From a technical architecture perspective, the interface can be designed to select records with certain values for the flag fields and perform the sync. After successfully syncing the record, the interface can then ensure the process updates the flag field in the source application appropriately. The flag field can be of various forms and will depend on the external source system. It can be actual an “Status” field (integration specific or business-related), a true/false “ready to sync” field, the existence of an “external ID”, etc. It could be a combination of fields and values as well. This process is ideal for records that should be synced once and only once, such as transaction data like Equipment costs or Labour hours, etc.
The figure above shows the various data elements of “Transaction Data” from a source system into Cityworks
Extract by Last Modified Date
This method of one-way sync is simpler and considered valuable when there is no way of using the flag fields option mentioned above as well as when the external applications automatically capture the timestamp of when records are created or modified. This provides great value when you only want to get records that have been created or modified since the last time integration ran. In this approach, records are extracted based on the value of their last modified date field being greater than another date, such as the last time the integration ran or the most recently synced records.

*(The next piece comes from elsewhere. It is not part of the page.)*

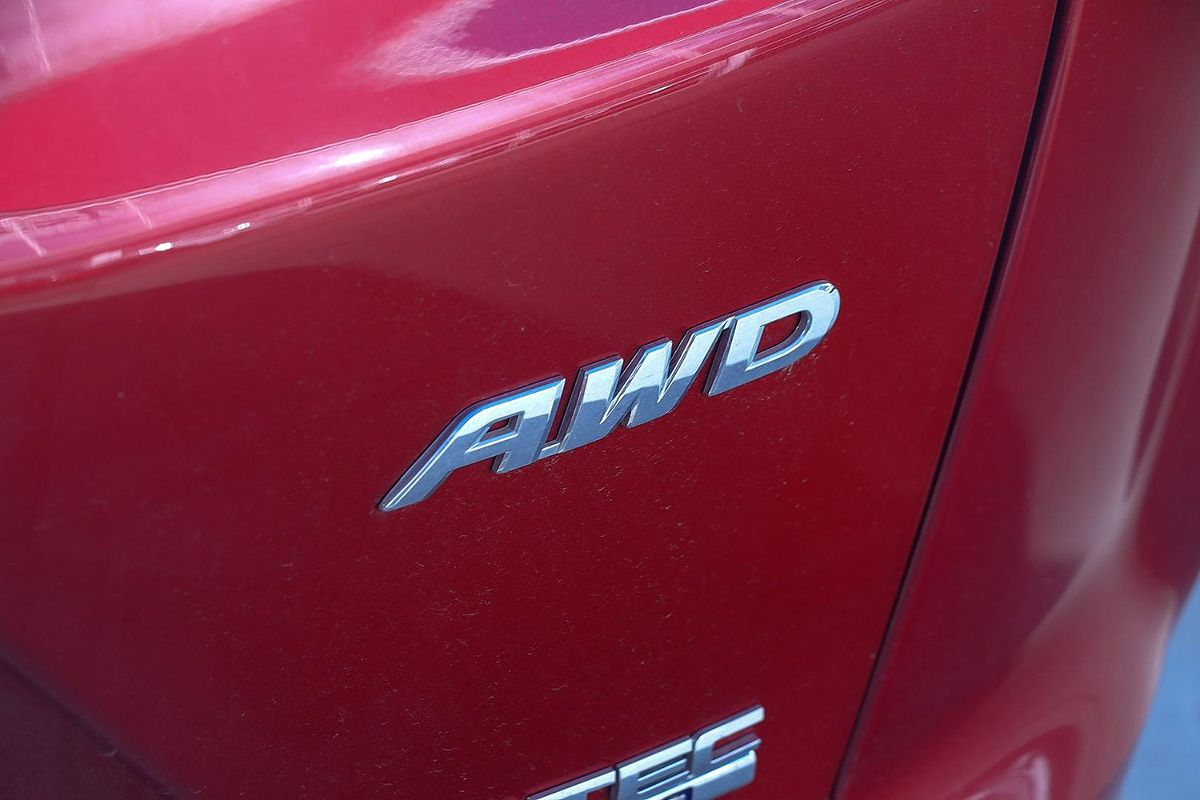 2023 Honda CR-V VTi LX AWD RW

Basically, the process captures the current system timestamp when the integration begins and saves it upon successful completion. To avoid any time discrepancies (usually small) it is best to capture the most recent last modified date from the records themselves and maintain that value upon successful completion. Because the timestamp is from the source application itself, you can be sure no records will be missed due to server time differences. This integration design is simpler than the flag field approach because you do not need to upgrade the source application at the end of the sync.
Change Data Capture
Change Data Capture is one of the last resorts available to us when you cannot use a flag field, there is no last modified date and the application or API only gives you the entire data set every time. With this option, the integration must remember the entire data set from the last execution in a “cache” or intermediate table to be able to compare the current data set against it. Through this comparison, the records that were added, modified or removed can be identified. This can be used for master data and can cautiously be used for transaction data as well. It is important to ensure that the entire dataset is obtained from the source each time and this makes the application stateful. Some business intelligence and integration software such as SQL server integration services, SAP Business objects, Talend etc., does provide “Change data capture” as an out-of-the-box tool that offers an effective solution to the challenge of efficiently performing incremental loads from source tables to the data warehouses.
Getting data from point A and point B comes with a number of options and considerations. Keep these incremental sync techniques in mind when designing your next one-way integration and you will be well on your way to building a lean, mean, efficient sync. In the next blog article, we will discuss application integration techniques on two-way syncs and in real-time sync and how it is used today when integrating with ArcGIS Indoors and ArcGIS Roads & Highways.